We adopt random matrices as models of images. We confine our attention to random matrices having Gaussian distributions since their description requires the knowledge of the mean and covariance matrices. However, we have to confine even more, because the covariance matrix of a 100\(\,\times \,\)100 pixels image has about \(10^8\) elements and their estimation would require a huge amount of data. Thus, we need a class of random matrices with a more specialized covariance structure. The so-called matrix normal distribution (see [7]) seems to be a good choice, because their overall covariance matrices have a special structure that can be fully described by two matrices of covariances between rows and columns, respectively. These matrices are much smaller and easier to estimate (see Section...for details).
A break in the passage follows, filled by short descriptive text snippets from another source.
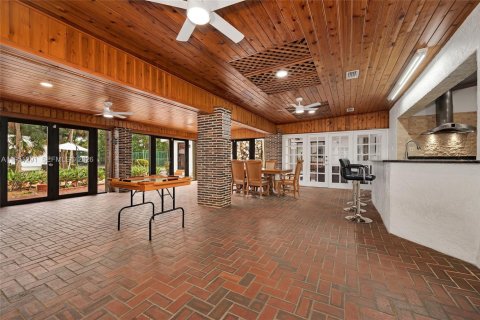 Casa en venta en Miami, Florida, 7 dormitorios, 508.55 m2 № 2007281 - foto 13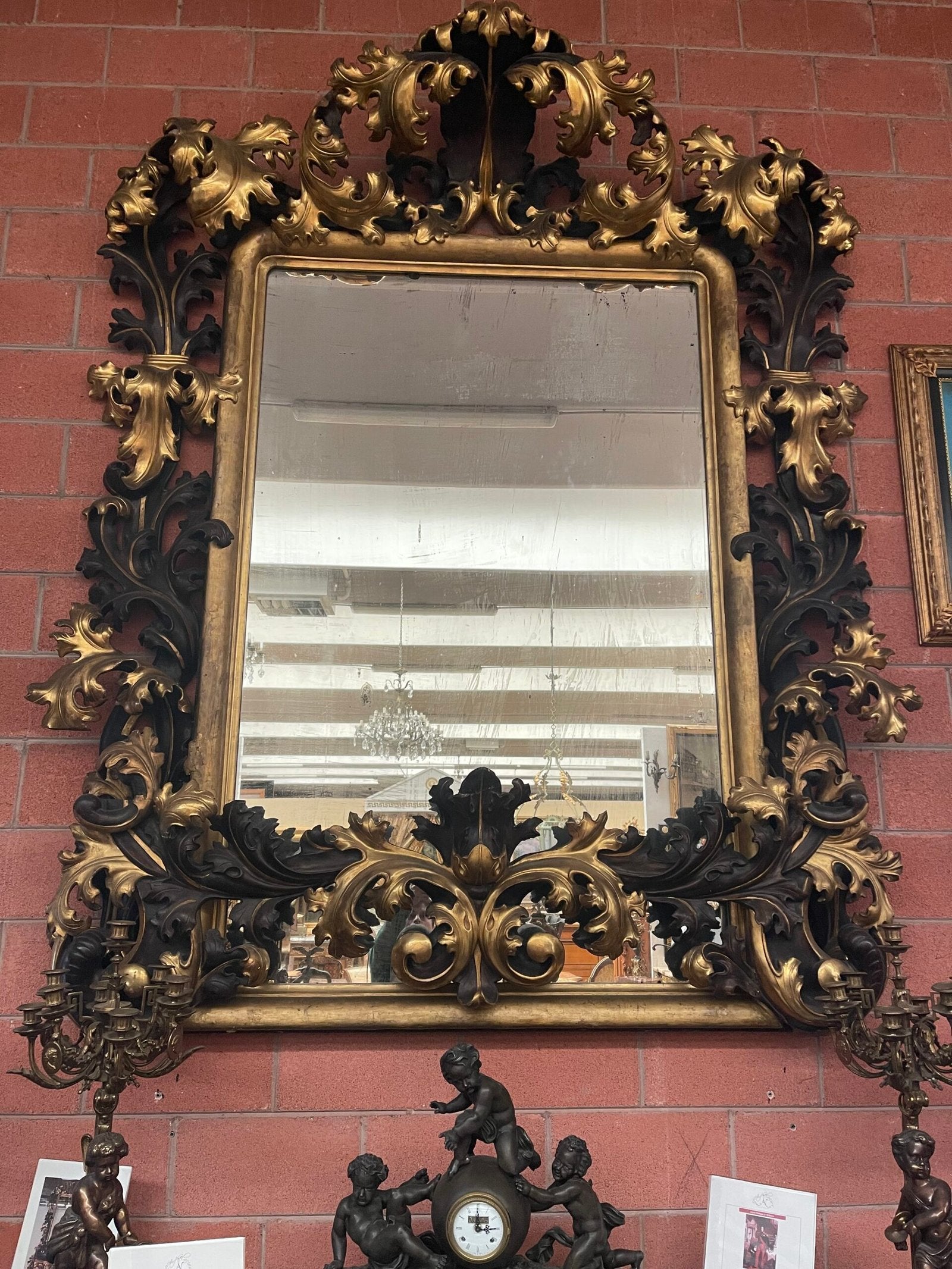 Specchiera barocca con decorazioni a foglia e candelabri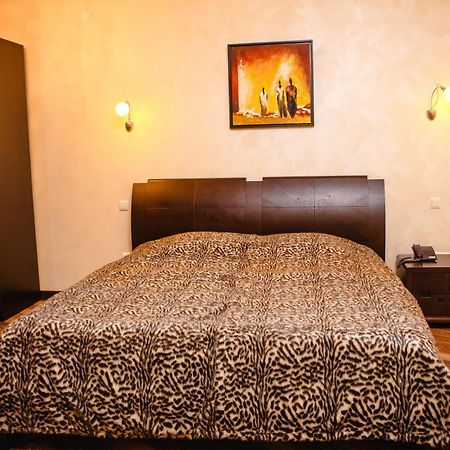 Totem Hotel Shymkent Exterior photo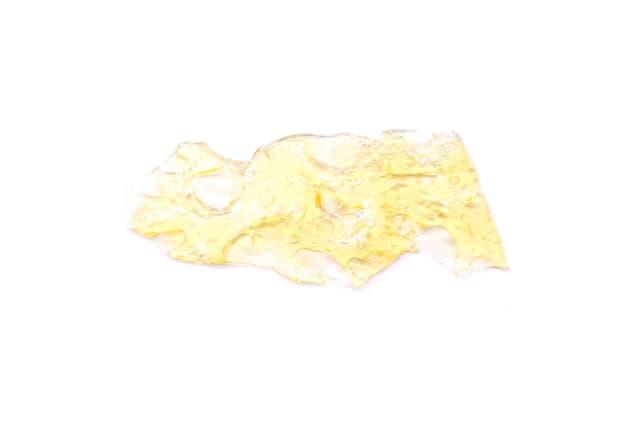 Plushberry Strain Shatter - Hybrid
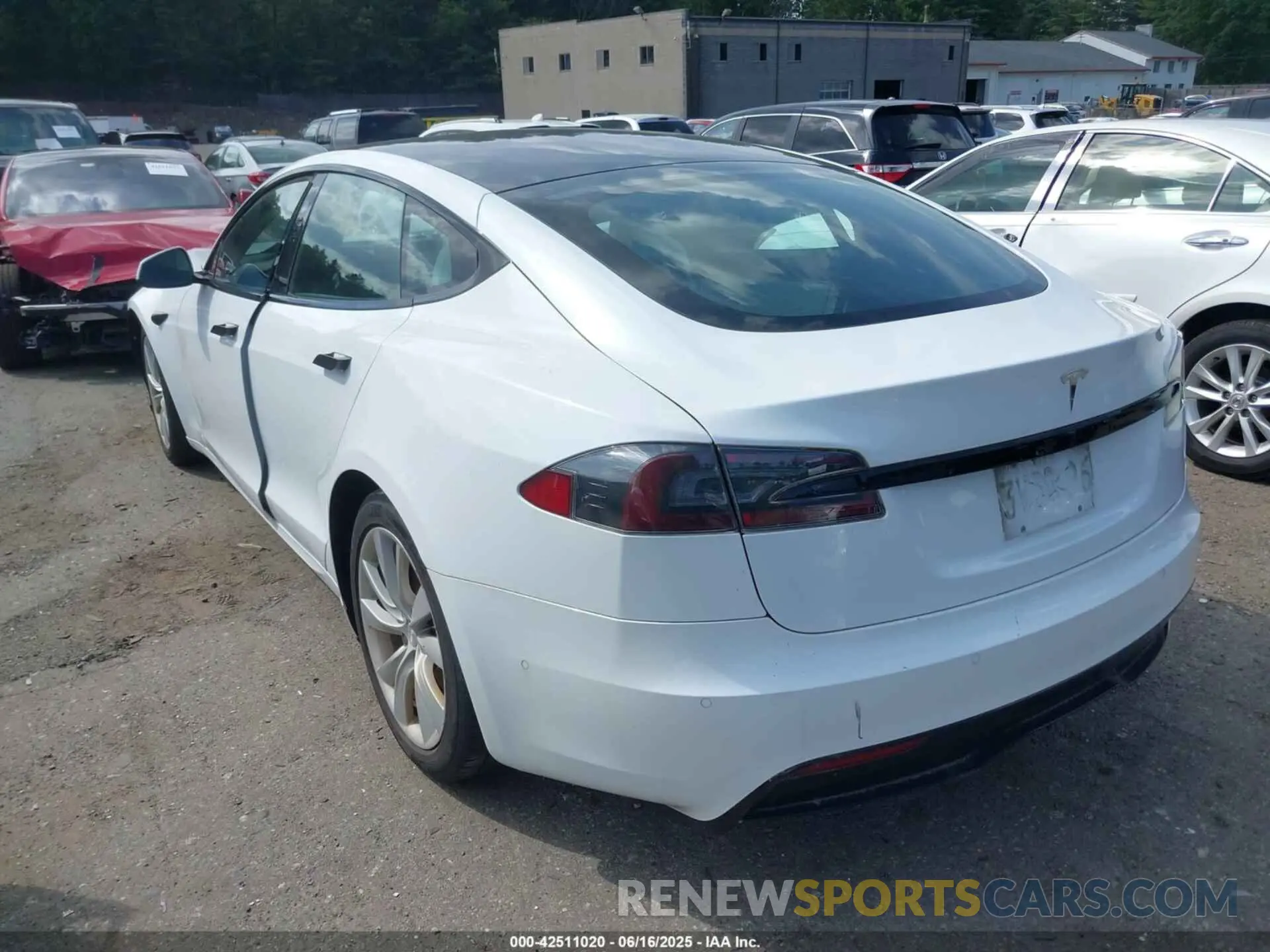 3 Photograph of a damaged car 5YJSA1E57MF428512 TESLA MODEL S 2021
Furthermore, it seems that inter-row and inter-column covariances are dominating for a sufficiently broad class of real-life images.

Clearly, images as inputs of classifiers re-appeared in the literature starting from the perceptron for classifying hand-written digits ([3] and the bibliography therein). Also later on random matrices with spatially Markov structure, generated by cliques, were extensively studied (see [5]). However, according to our knowledge, random normal matrices as models of images to be recognized are not considered. The research that is closest to ours was done by Krzysko [4] who considered the problem of recognizing random normal matrices that arise by stacking vectors, having their own interpretation, into a matrix. This idea was extended in [8] to recognizing sequences of images by stacking them into longer matrices.

The paper is organized as follows.

  • In Sect. 2 we state the problem and describe basic properties of random normal matrices for the reader’s convenience.

  • The derivation of the Bayes recognizer is presented in Sect. 2 and then its empirical version is proposed, which is based on the plug-in principle, using the matrix learning sequence for the maximum likelihood estimation of inter-row and inter-column covariances.

  • The quality of the proposed algorithm is compared with the well known methods: the nearest neighbor (NN) and the support vector machine (SVM). The comparison is done by extensive simulations of the Monte-Carlo (MC) type, assuming that the assumed covariance structure is an adequate one.

  • Finally, the proposed algorithm is compared with NN classifying a sequence of real-life images of gas burner flames. This time the method of cross-validation is used for comparisons and we are not sure whether the assumed covariance structure is an adequate one.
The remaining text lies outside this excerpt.